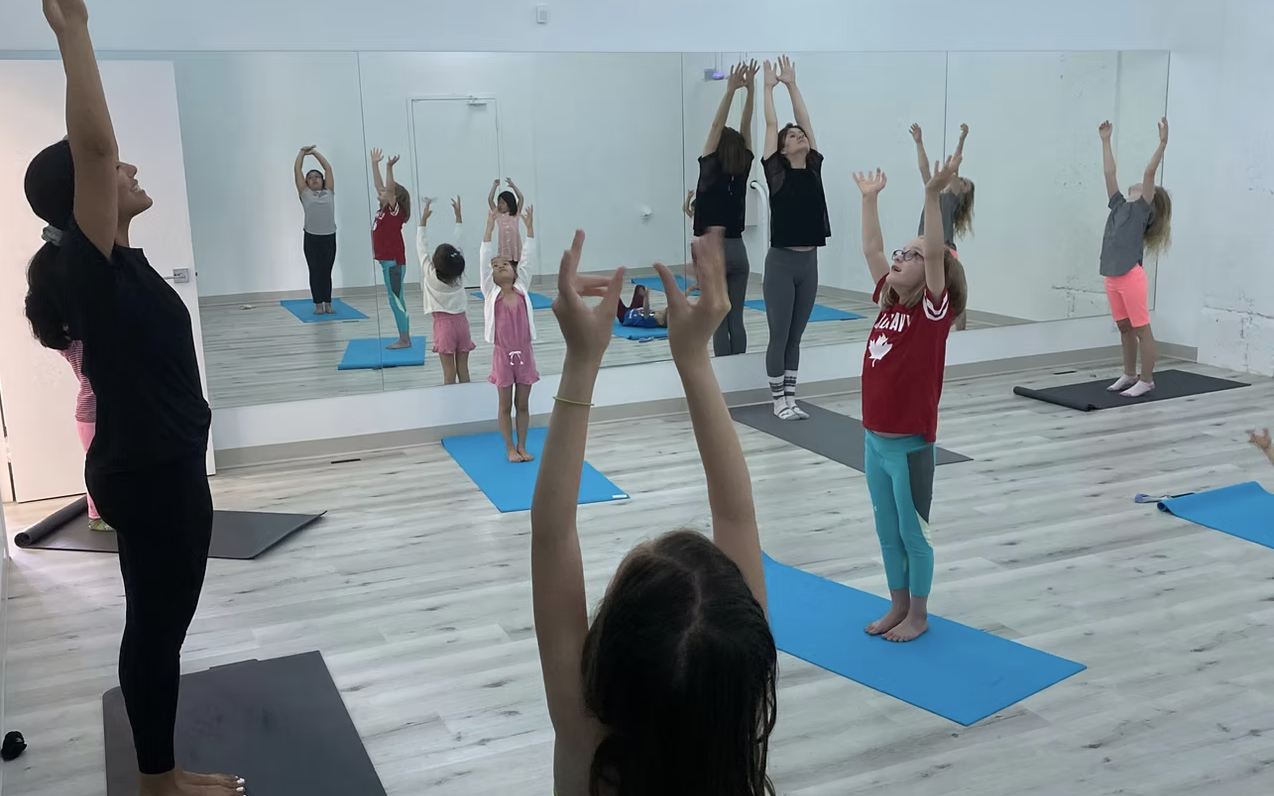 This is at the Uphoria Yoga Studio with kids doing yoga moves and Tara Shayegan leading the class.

--

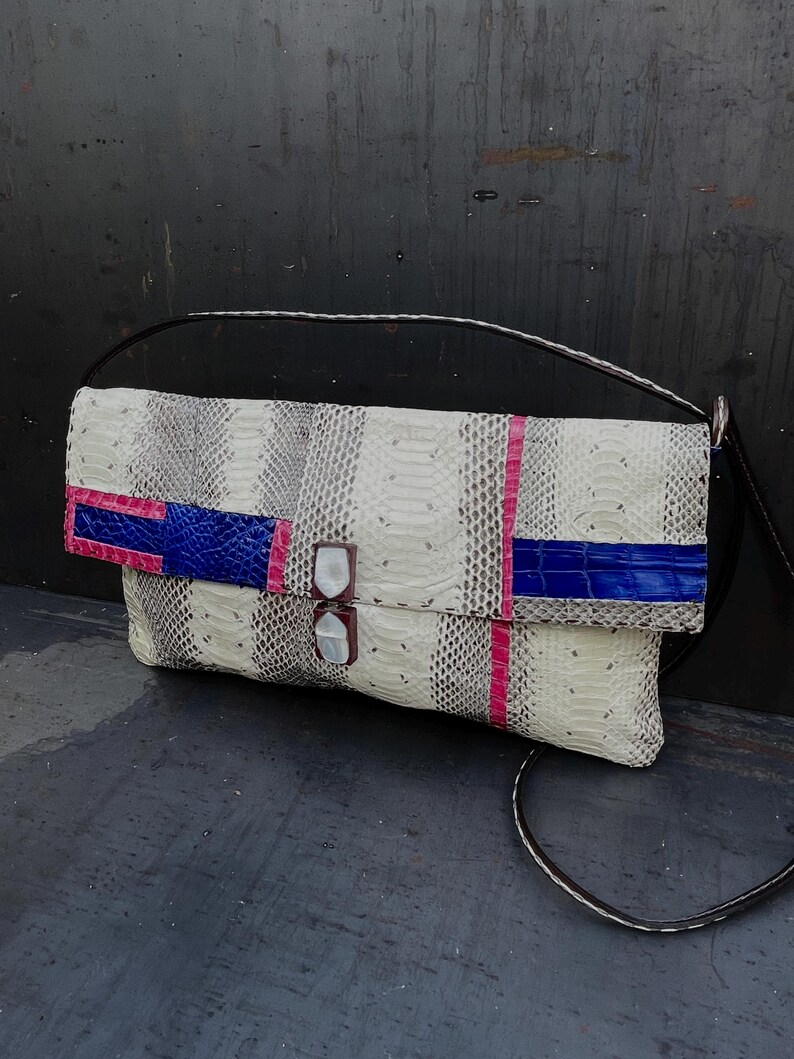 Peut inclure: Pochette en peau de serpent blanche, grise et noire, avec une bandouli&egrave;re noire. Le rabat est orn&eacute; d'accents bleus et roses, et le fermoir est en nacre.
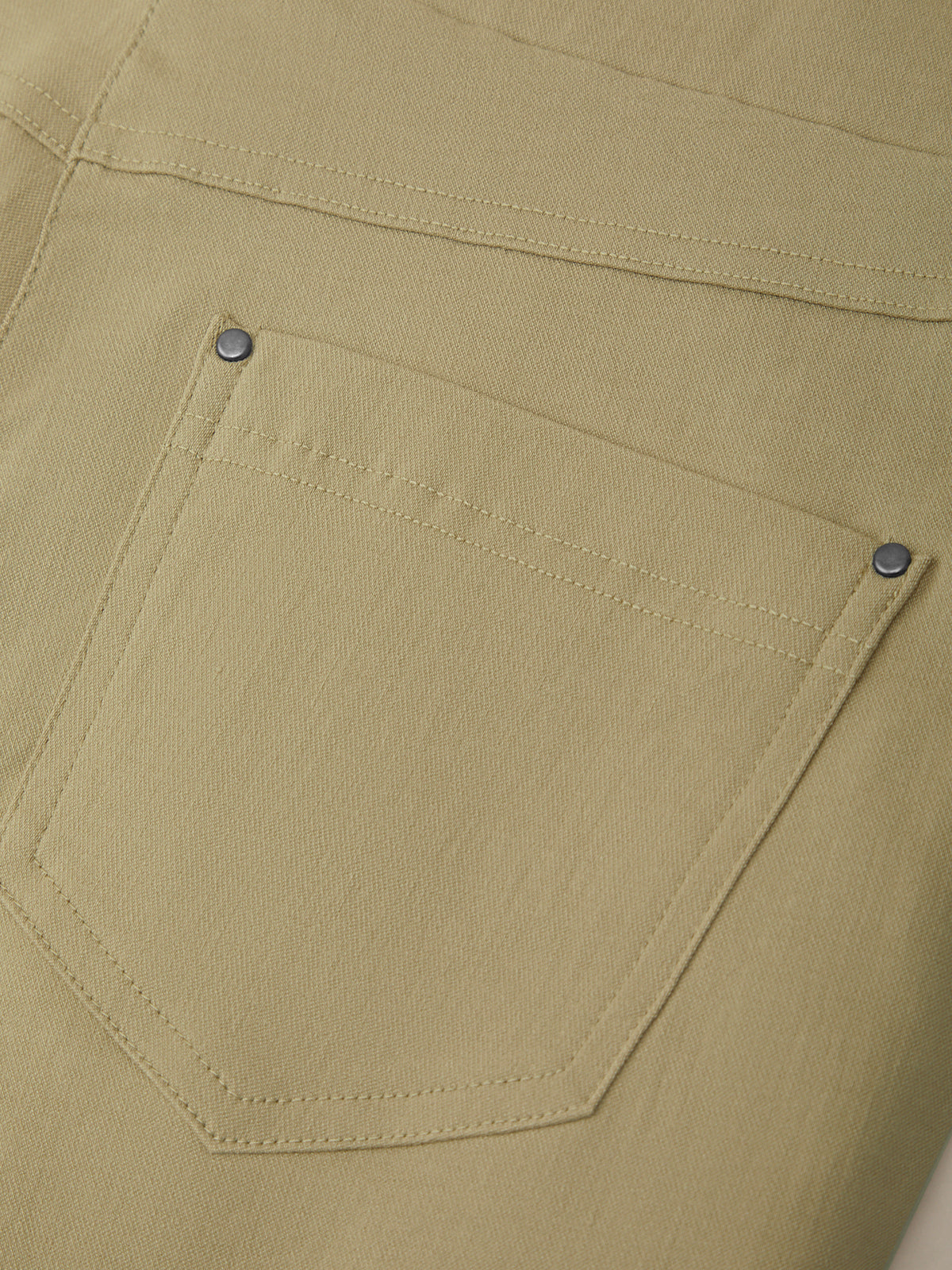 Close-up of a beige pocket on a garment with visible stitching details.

---

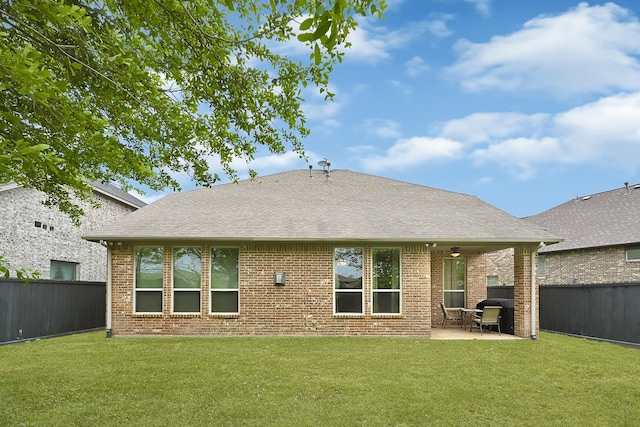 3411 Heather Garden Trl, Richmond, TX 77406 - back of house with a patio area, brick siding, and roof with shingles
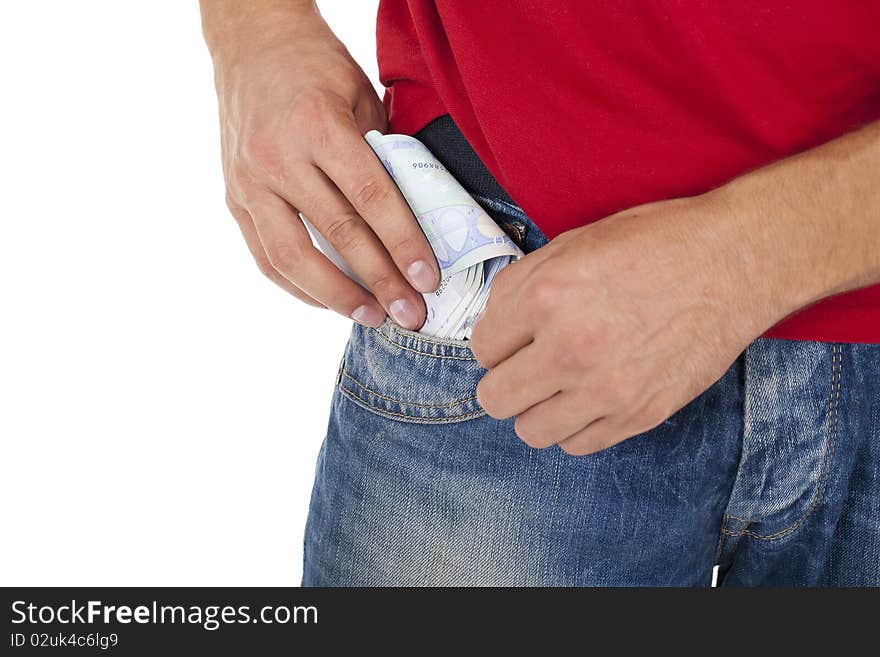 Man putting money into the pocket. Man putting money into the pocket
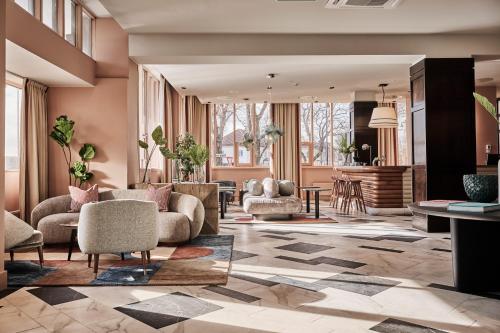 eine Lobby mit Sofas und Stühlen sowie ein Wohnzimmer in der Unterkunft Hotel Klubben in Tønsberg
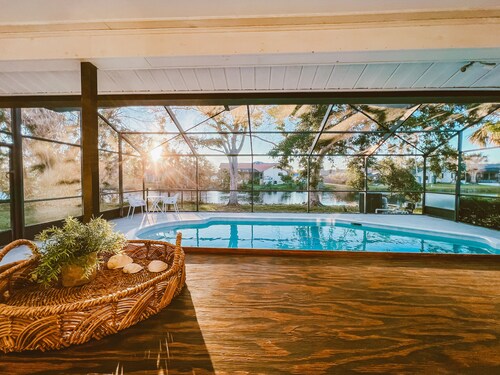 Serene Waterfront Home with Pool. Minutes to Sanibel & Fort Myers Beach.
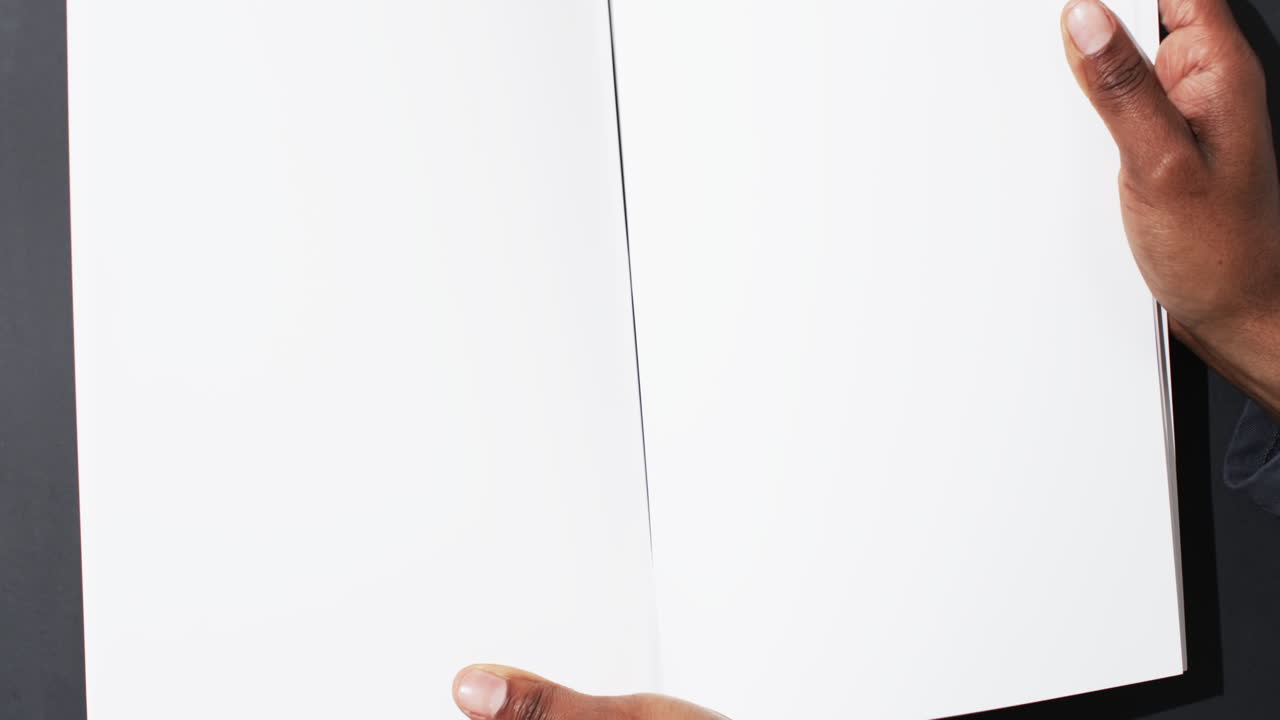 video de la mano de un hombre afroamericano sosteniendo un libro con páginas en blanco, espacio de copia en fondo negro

* Task prompt
Print exactly the lines above that run from the one with "Man putting money into the pocket." to the one with "video de la", both included. No pictures.

* Answer to the exercise
 Man putting money into the pocket. Man putting money into the pocket
 eine Lobby mit Sofas und Stühlen sowie ein Wohnzimmer in der Unterkunft Hotel Klubben in Tønsberg
 Serene Waterfront Home with Pool. Minutes to Sanibel & Fort Myers Beach.
 video de la mano de un hombre afroamericano sosteniendo un libro con páginas en blanco, espacio de copia en fondo negro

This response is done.